New explosion gas-signature models can help locate and identify underground nuclear tests

18-Mar-2016 - USA

Through experiments and computer models of gas releases, Lawrence Livermore National Laboratory scientists have simulated signatures of gases from underground nuclear explosions (UNEs) that may be carried by winds far from the detonation.

LLNL

The diagram illustrates gas distribution as it leaks from the chimney of a nuclear test cavity for two different gases: Xenon-133 and Argon-37. Both of these gases have often been referred to as "smoking guns" for detecting clandestine underground explosions. These gases also percolate to the surface where they can be detected during an inspection and are occasionally released into the atmosphere where they can be detected by the International Monitoring System.

LLNL

Deployment of a large tarp, which is used to capture gases with the LLNL Smart Sampler as they rise to the surface and collect underneath.

LLNL

Lawrence Livermore National Laboratory scientist Charles Carrigan sets up the Subsurface Smart Sampler with handheld touch-screen panel during a noble gas field test in Slovakia.

LLNL
LLNL
LLNL

The work will help international inspectors locate and identify a clandestine UNE site within a 1,000 square kilometer search area during an on-site inspection that could be carried out under the Comprehensive Nuclear Test Ban Treaty. Jordan recently hosted such a simulated inspection, the Integrated Field Exercise 2014 (IFE14), sponsored by the Comprehensive Test Ban Treaty Organization (CTBTO) and involving more than 40 countries, which tested some aspects of noble gas signature detection.

In addition, the technique can potentially help interpret noble gas (radioactive xenon isotopes) signals captured in the atmosphere following UNEs such as the North Korean test that occurred in January.

The research also led to the development of the LLNL Smart Sampler, which was originally designed as a research instrument to automatically capture gases reaching the surface in remote locations following release of gas tracers underground. During its IFE14 exercise, the CTBTO deployed three of these samplers, which were designed and built by Lab engineers Steven Hunter and David Ruddle at LLNL.

The work combines novel field experiments involving injection of gas tracers using four large compressors into an old nuclear explosion cavity and sophisticated numerical simulations that employ a new method for tracking different parent/daughter isotopes produced in the detonation cavity. The simulations use the results of the field experiment as a basis for probing the isotopic evolution and gas transport processes of a UNE.

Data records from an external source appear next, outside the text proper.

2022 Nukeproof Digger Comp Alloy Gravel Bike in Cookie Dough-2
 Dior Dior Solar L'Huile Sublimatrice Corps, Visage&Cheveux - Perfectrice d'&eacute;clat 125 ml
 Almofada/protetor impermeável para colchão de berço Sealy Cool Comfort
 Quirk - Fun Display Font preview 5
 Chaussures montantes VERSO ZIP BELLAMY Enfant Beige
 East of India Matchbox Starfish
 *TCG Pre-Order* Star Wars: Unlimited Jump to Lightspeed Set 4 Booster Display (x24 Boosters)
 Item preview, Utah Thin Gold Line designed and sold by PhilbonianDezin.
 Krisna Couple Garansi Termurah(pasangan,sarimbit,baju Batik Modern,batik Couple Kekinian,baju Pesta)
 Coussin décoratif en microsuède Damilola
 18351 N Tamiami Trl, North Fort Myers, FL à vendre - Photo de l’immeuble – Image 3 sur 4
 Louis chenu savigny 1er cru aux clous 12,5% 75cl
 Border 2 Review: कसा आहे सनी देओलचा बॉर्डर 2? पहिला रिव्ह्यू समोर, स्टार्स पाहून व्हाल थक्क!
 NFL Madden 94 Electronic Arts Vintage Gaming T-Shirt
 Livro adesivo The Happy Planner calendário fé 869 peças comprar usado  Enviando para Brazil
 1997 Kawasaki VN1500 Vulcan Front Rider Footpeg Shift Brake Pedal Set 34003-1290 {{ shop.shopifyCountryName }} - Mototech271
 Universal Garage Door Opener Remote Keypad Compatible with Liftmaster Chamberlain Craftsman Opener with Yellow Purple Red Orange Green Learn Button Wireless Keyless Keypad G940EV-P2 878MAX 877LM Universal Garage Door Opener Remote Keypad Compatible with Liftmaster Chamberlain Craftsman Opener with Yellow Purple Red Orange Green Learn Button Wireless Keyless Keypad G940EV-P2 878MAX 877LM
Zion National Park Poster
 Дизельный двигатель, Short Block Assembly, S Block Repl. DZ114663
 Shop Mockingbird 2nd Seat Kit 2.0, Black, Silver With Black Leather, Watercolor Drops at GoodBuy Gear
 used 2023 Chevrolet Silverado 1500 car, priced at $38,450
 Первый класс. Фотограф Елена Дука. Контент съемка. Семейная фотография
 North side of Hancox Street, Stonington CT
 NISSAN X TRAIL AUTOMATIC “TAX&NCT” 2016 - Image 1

The team, made up of scientists from LLNL and National Security Technologies (NSTec), partially reproduced the subsurface conditions following a UNE responsible for the migration of explosion gases to the surface where they can be detected locally at a test site. Such results can provide inspectors with a better idea of what to expect when they are in the inspection area searching for a suspected UNE. With LLNL computer models using information from the tracer experiment, the team was able to track the evolution of gases in the explosion cavity, which may be detected downwind thousands of kilometers away. This actually occurred after the third North Korean UNE in 2013.

"The work is novel in part because of how we did it by injecting gases into an old UNE cavity and then using computer models informed by the experiment to extend our understanding of how xenon gas evolves following the UNE," said Charles Carrigan, LLNL geoscientist.

Using computer models developed by LLNL physicist Yunwei Sun, the team showed that including thermally driven migration of telltale gases from the explosion cavity or chimney may substantially shorten their arrival times at the surface when compared to migration of gases caused only by atmospheric pressure fluctuations or barometric pumping. Previous research has focused on barometric pumping as the primary subsurface gas migration mechanism.

"From monitoring gases coming to the surface during the course of our pressurized field experiment, we also found that background radon gas levels were anomalously high (10 to 15 times normal) at the surface over the explosion cavity," Carrigan said.

The research indicates that the weak subsurface pressurization mimicking the thermal drive following the explosion enhanced the amount of radon that was captured. This suggests that radon anomalies could be potential indicators of hidden or clandestine UNEs that are otherwise difficult to detect during an on-site inspection.

Additionally, the simulations showed that the explosion cavity or chimney behaves something like a leaky chemical reactor or pressure cooker. The gases migrating away from the cooker change the overall chemical makeup (isotopic ratios) of the gases left behind in the cooker or reactor, which continues to make new gases. The team modeled the evolution of these gases out to several months following a UNE.

"The 2013 UNE carried out in North Korea has allowed us some validation of our model of explosion-gas evolution," Carrigan said. "We find that the gases detected almost two months afterward in Russia are best matched by our evolutionary model for the mixture of different xenon isotopes when we assume a range of yields that is consistent with seismic estimates, less than 10 kilotons, for that event. This is a cool result as no one has suggested that isotopic ratios should depend on nuclear yield."

The research also may have applications in monitoring other heated or pressurized subsurface regimes such as in situ coal gasification, deep sequestration of supercritical CO2 and nuclear waste disposal.